Doctor Who Project: The Seeds of Doom

I’ve heard of flower power, but that is ridiculous.

It took until 1976, but Doctor Who finally turned the Doctor into a secret agent, replete with a loquacious super-villain who commands an army of uniformed henchmen for a foe, in Robert Banks Stewart’s “The Seeds of Doom” (Story Production Code 4L). Aside from the alien plant creature bent on consuming the planet, this story could have featured Roger Moore or Patrick Macnee with little alteration. The Fourth Doctor’s scientific knowledge advances the plot but does not inform the resolution in the least; he’s an action hero, through and through, jumping through windows, donning disguises, brandishing pistols, and wrestling with bad guys mere inches from whirring blades of death.

The Doctor with an unlikely accessory

“The Seeds of Doom” could not have been made during Hartnell or Troughton’s runs. Indeed, the analogous Second Doctor story, “The Seeds of Death,” which also features deadly alien seed pods finding their way to Earth, centers around the dangers of technocracy, the Doctor having to match wits with bureaucrats and Ice Warriors, the former being perhaps the more difficult foe. In Stewart’s tale, the Fourth Doctor confronts a chlorophyl-thirsty megalomaniac who composes orchestral overtures for his beloved plants and commands a giant garden estate patrolled by flunkies with matching jumpers and submachine-guns. No subtle disquisition on humanity’s increasing tendency towards centralized thought, this.

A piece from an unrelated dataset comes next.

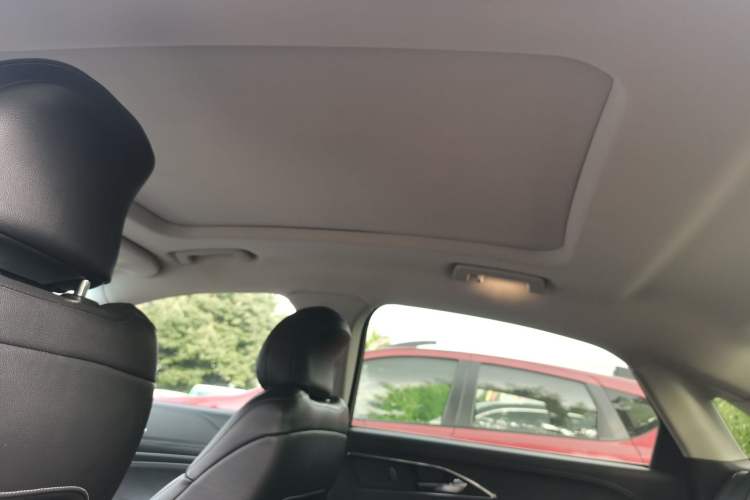 Used Ford Taurus 2017 EcoBoost 245 Fashion Edition Headliner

Harrison Chase, friend to all plants

It wouldn’t be a Robert Banks Stewart story without world agencies, and here the World Ecological Bureau’s Antarctic expedition finds a giant seed pod buried twenty thousand years deep in the permafrost. The Doctor is dispatched by UNIT to assist the investigation, but before he can arrive, the pod releases a tendril that infects a researcher. The hapless man turns into a Krinoid, a “galactic weed,” in the Doctor’s parlance, that has the nasty side effect of consuming all non-plant life on any world where it germinates. They always travel in pairs, and the Doctor helpfully digs up the second pod to prove his point.

Meet a Krinoid

Harrison Chase, the wealthy hortiphile, learns of the pod through a corrupt contact at the WEB and sends two henchmen to retrieve it (and dispose of any pesky witnesses). Given that the story starts in Antarctica, at a weather-isolated base, one feels at the beginning that the action will take place in this small space, with a dwindling number of survivors fighting against the plant-creature and Chase’s thugs. Stewart has other ideas, though, and by the end of the second of six episodes, the initial Krinoid is destroyed in a blast triggered by the bad guys, killing the last of the researchers as well. Only the Doctor and Sarah survive, because of course they do.

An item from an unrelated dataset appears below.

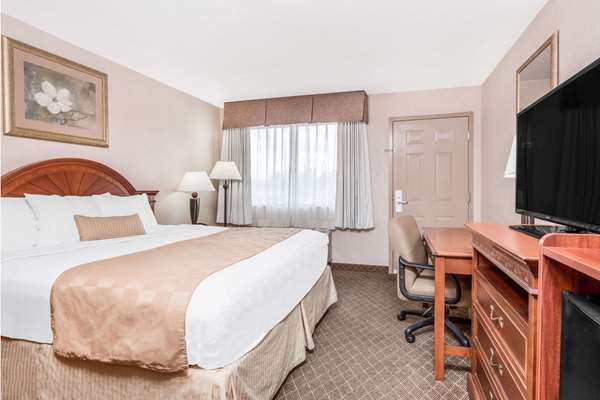  - Ramada Hotel Macon - I-475, Exit 3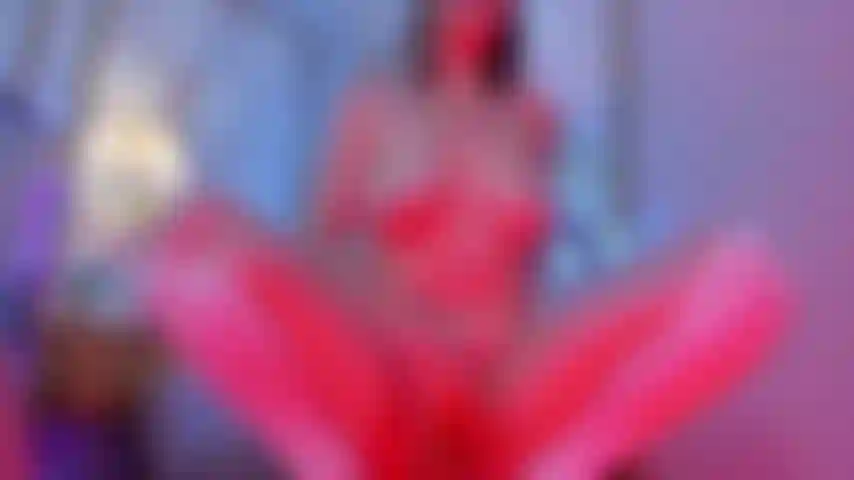 Mi rendi la mia figa molto bagnata, un grande schizzo per te dopo averci dato amore.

The end of the Antarctic base

Rescued by Royal Marines and brought back to London—the TARDIS being nowhere on display in this story save at the very end as part of a humorous season finale moment—the Doctor and Sarah take their concerns to the WEB, where Chase’s conspirator arranges for a car driven by an assassin to pick them up in a scene right out of Dr. No. After some chase and fight scenes in a quarry, with the Doctor engaging in rather vigorous fisticuffs, the Doctor disguises himself as the chauffeur and drives into Chase’s mansion—though not before making a stop at the home of Amelia Ducat (Sylvia Coleridge), noted horticultural painter and, as it turns out, undercover agent of the WEB, for information on Chase.

Amelia Ducat, secret agent

Ameila Ducat’s role is a strange one. Though UNIT is involved in this story, particularly at the end, none of the “normal” UNIT personnel make an appearance, despite their fitting into this story in a far more organic sense than in their swan song, “The Android Invasion.” The Doctor’s need for external assistance in this story requires some peripheral figures to get messages to the outside once he and Sarah find their way into (and cannot get out of) Chase’s lair, hence the seemingly harmless Miss Ducat. She’s played mostly for comic relief, but it’s a shame there’s no fuller development of her character—during Hartnell or, especially Troughton’s eras, there would have been at least the prospect that she came onboard the TARDIS for a story or two.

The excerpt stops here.